Tuesday, August 19, 2014

Learning and Growing

A long time ago I used to say things like "ugh she's such a slut." pretty regularly. I used to clump people into stereotypes and not consider it racist and even though my ignorance was pretty harmless and not actually hurting anyone it was hurting EVERYONE. It just took me years to figure this out. It was pretty common for me to ignore what was going around in the world because it wasn't affecting me personally and to be honest it was just uncomfortable. I used to explain this by saying "I was too empathetic" which is an oxymoron if there ever was one. I was going to separate myself from everything that made me feel uncomfortable by stating that I was a person who could easily put myself in other shoes, what a moron!The reason I bring this up right now is because I am not that person but I recognize that person a lot. I see that person every day in people I encounter and it makes me sad and happy that I could acknowledge that. What changed? Maybe it was age? maybe I just decided to open my mind a bit?

 A year ago while talking with a friend about some interaction his friend had with a girl he said "she was acting like a slut, you don't respect girls that act like sluts." What the hell did that mean? I reacted unlike I usually did. I think I screamed at this person, stormed down my street and at one point started crying. It was the first time I felt so betrayed by how women are seen. The words coming from a friend, I was so ignorant to think that this is not how the world is. The word and the education I was seeking was found in feminism. Now this won't be a rant about feminism because that is not the only thing that I am learning about or opening my eyes too. Cut to Miley Cyrus....

Sometimes when I state this I get the biggest of eye rolls, but I think we can all see where this is going. Her VMA performance got a lot of slack but I am not here to hate on her "overtly" sexual dance moves or her get up but at the fact that she uses a black culture stereotype as a prop without seeing how harmful that can actually be. Moving towards cultural appropriation which is something I am learning about now. The thing about cultural appropriation is that it's such a fine line and it is not reserved for black culture but for all cultures. This is probably the hardest thing to learn about because a lot of the time it is not meant to be seen as racist by the artist, or person but within this world it can easily offend or harm. The other day my co-worker was asking us to watch this video of this women twerking at Walmart (yes, I know!) no one wanted to but he played it anyways.

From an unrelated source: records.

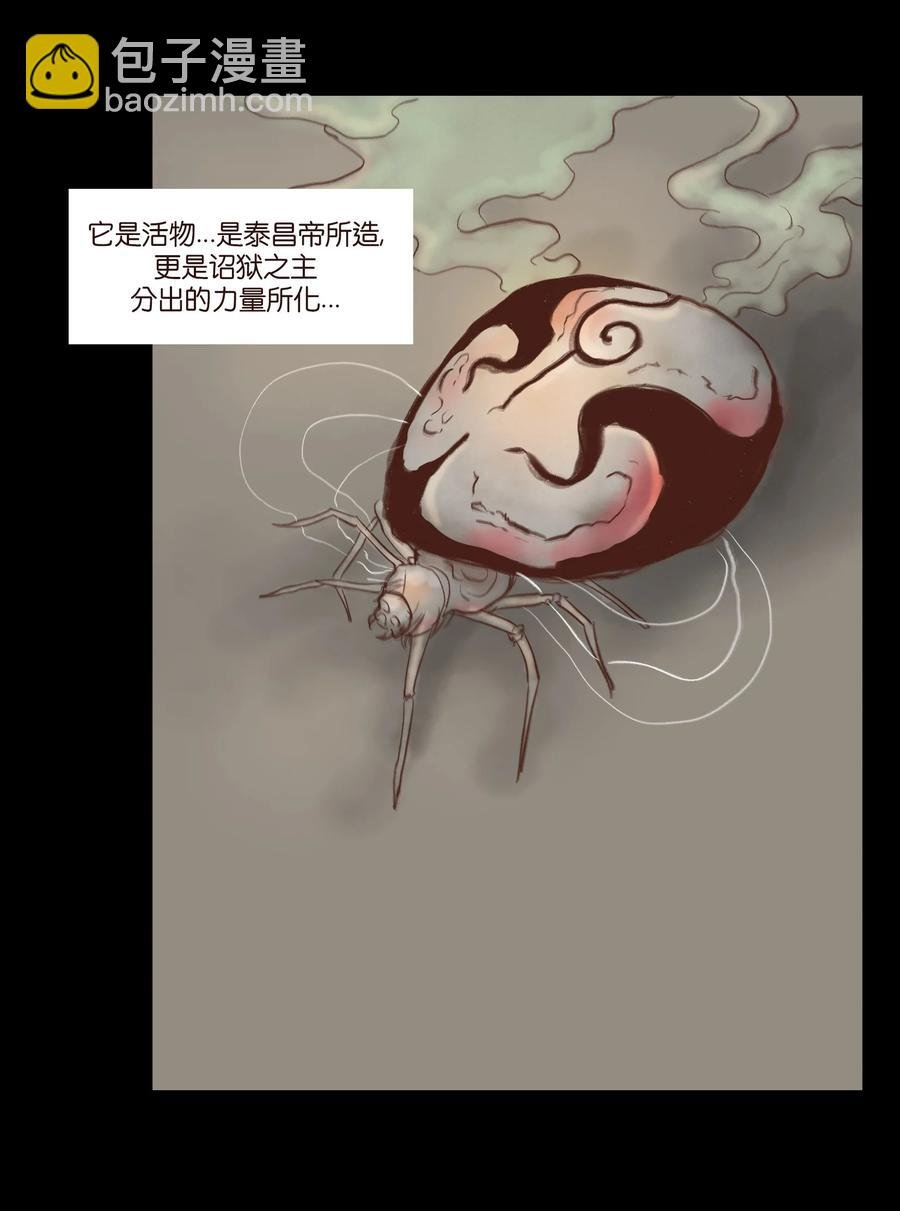 098 枭首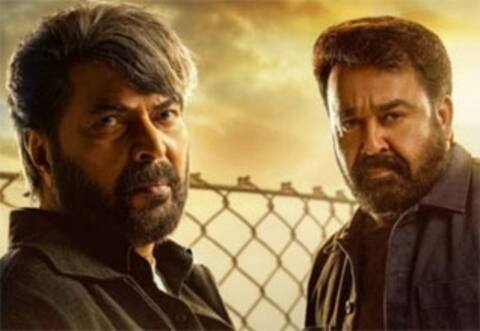 பேட்ரியாட் சென்சார் சான்றிதழ், ரன்னிங் டைம் வெளியானது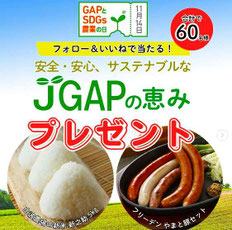 JGAP インスタグラム プレゼントキャンペーン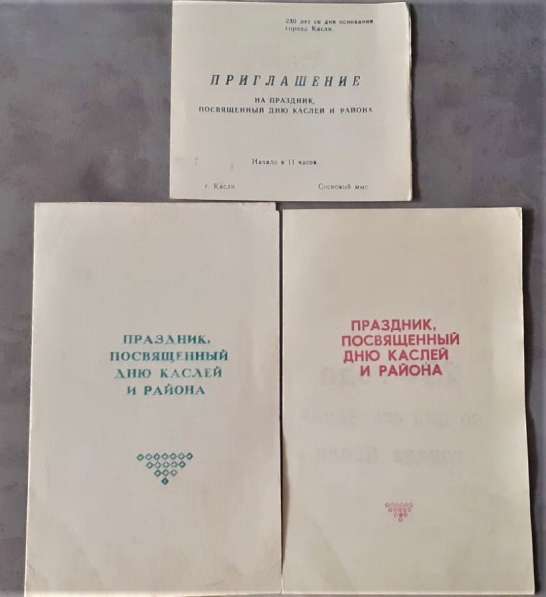 Приглашение на праздник посвященный дню Каслей и района СССР в фото 3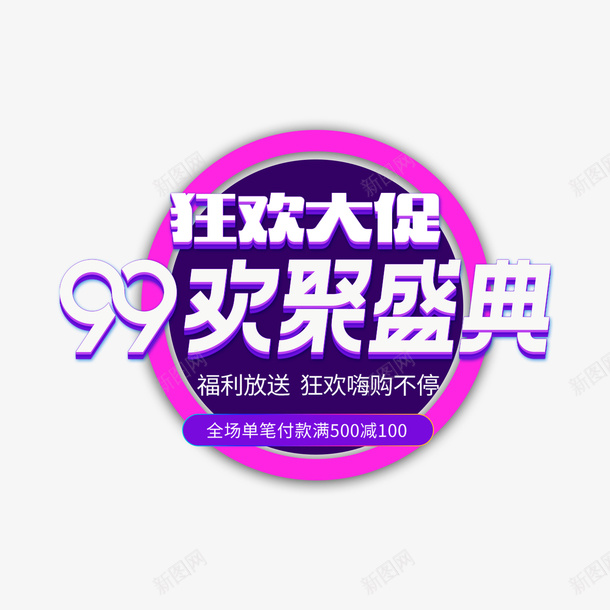 99狂欢案psd免抠素材_88icon https://88icon.com 99 99大促 促销 手绘 狂欢 纹路 线条 节日 装饰 质感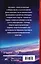 Императоры иллюзий: фантастический роман — 2967248 — 2
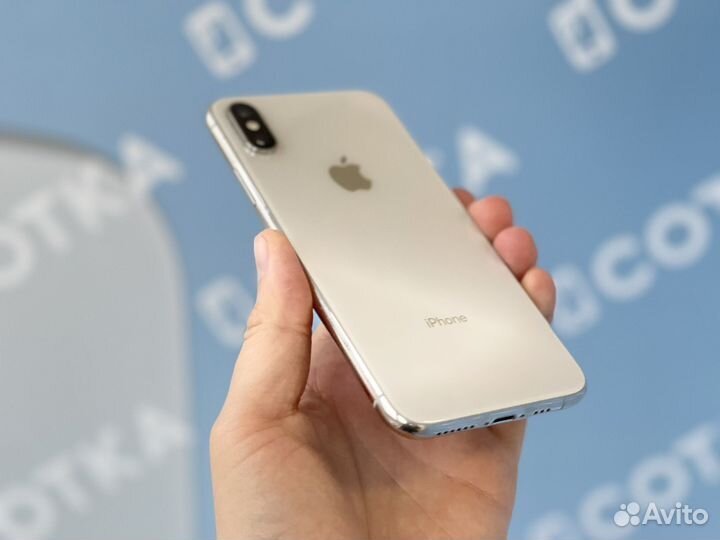 iPhone Xs, 256 ГБ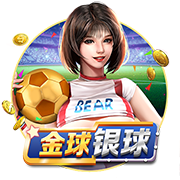 瑞超：厄斯特什实力有限，马尔默抢分无忧？厄斯特什VS马尔默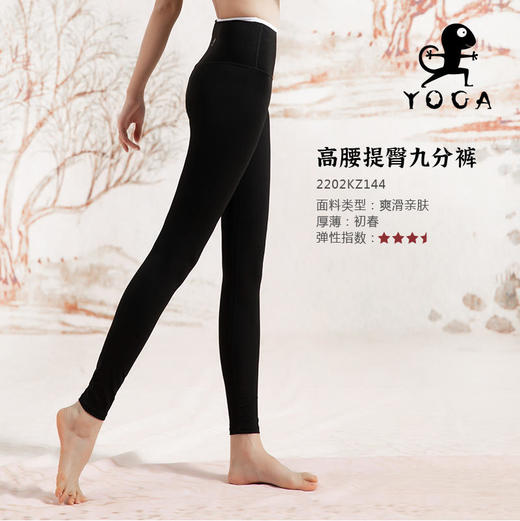 壁虎瑜伽【22027KZ144】高弹提臀九分裤【七十二小时发货】 商品图0
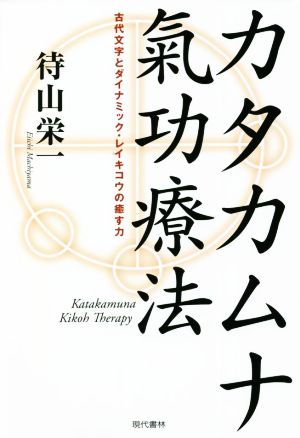 カタカムナ氣功療法古代文字とダイナミック・レイキコウの癒す力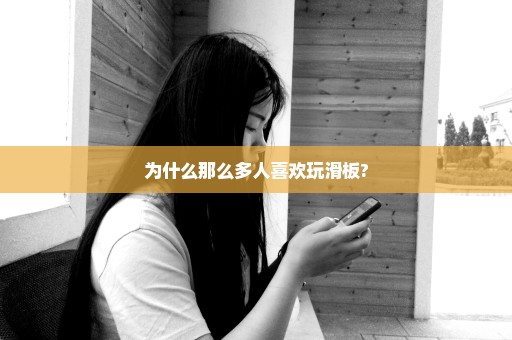 为什么那么多人喜欢玩滑板?
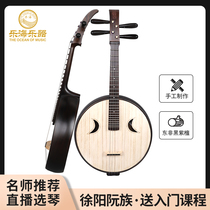 Lehai Xu Yangruan Zhongruan Ruan black sandalwood string musical instrument co-level performance dedicated acid branch wood professional Nguyen Cen DWZ6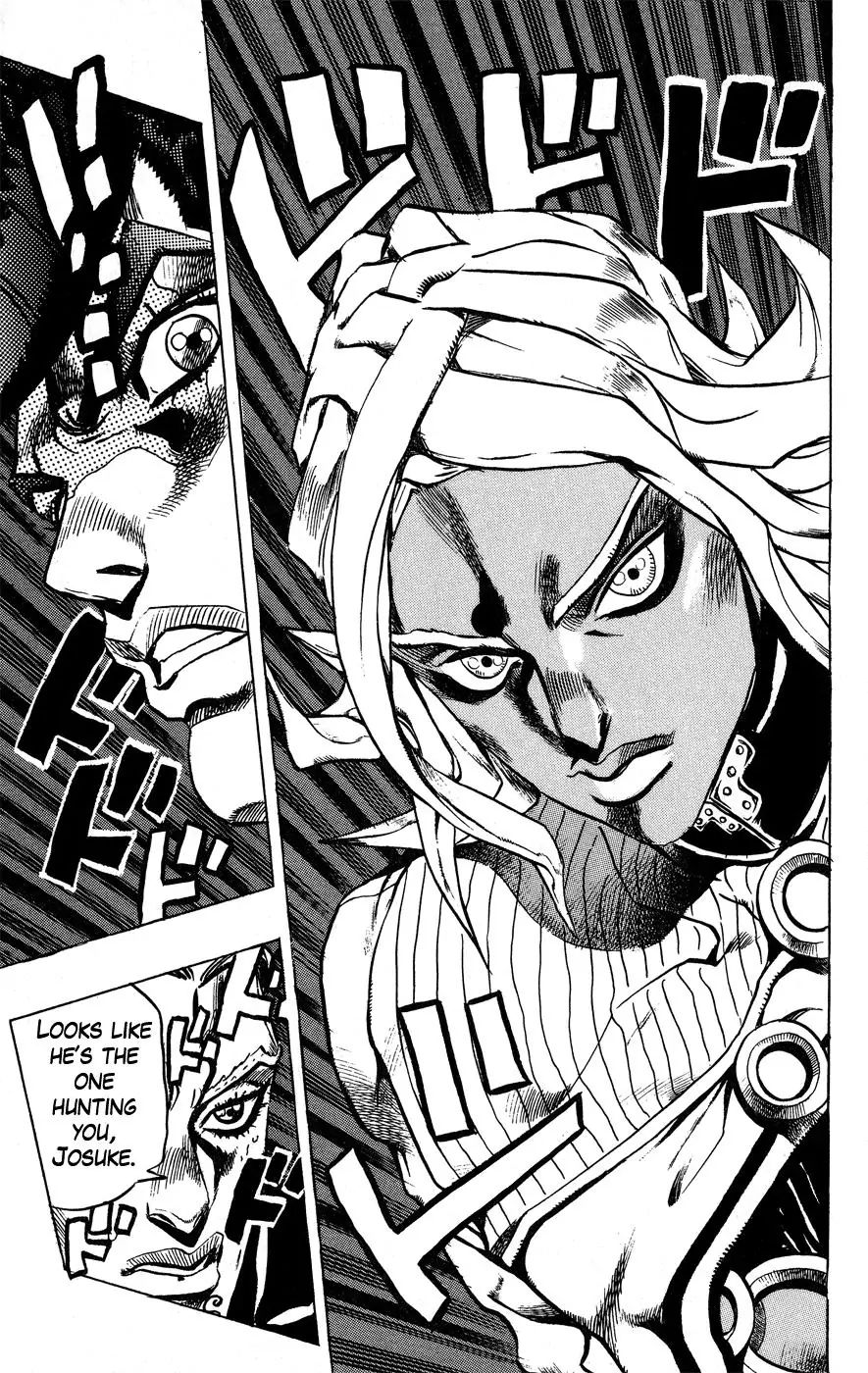 Page 17 of Chapter 404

I wasn't going to say anything to him as he already eye rolls me any time I open my mouth "Why don't you know how to have fun?" he says apparently I am too uptight for him. Regardless he was watching it on the computer next to me and so I looked over. At one point he said "I wish she would lift up her dress so we could see if her ass is real." This is the kind of shit that cultural appropriation creates. If you think I'm reaching I ask you to reconsider.

What I discovered though is that people rarely want to have a conversation about offense or why things are seen in this light. Anytime I bring something up I always get told I am overreacting or that "I just can't enjoy anything." Which makes me remember why I stayed so ignorant in the first place. Still I can't let myself go back to that, I want to educate myself. I want to hear others opinions, I want you to tell me I'm wrong and list the reasons why. That is the only way I can grow and learn, and that's what I plan to do.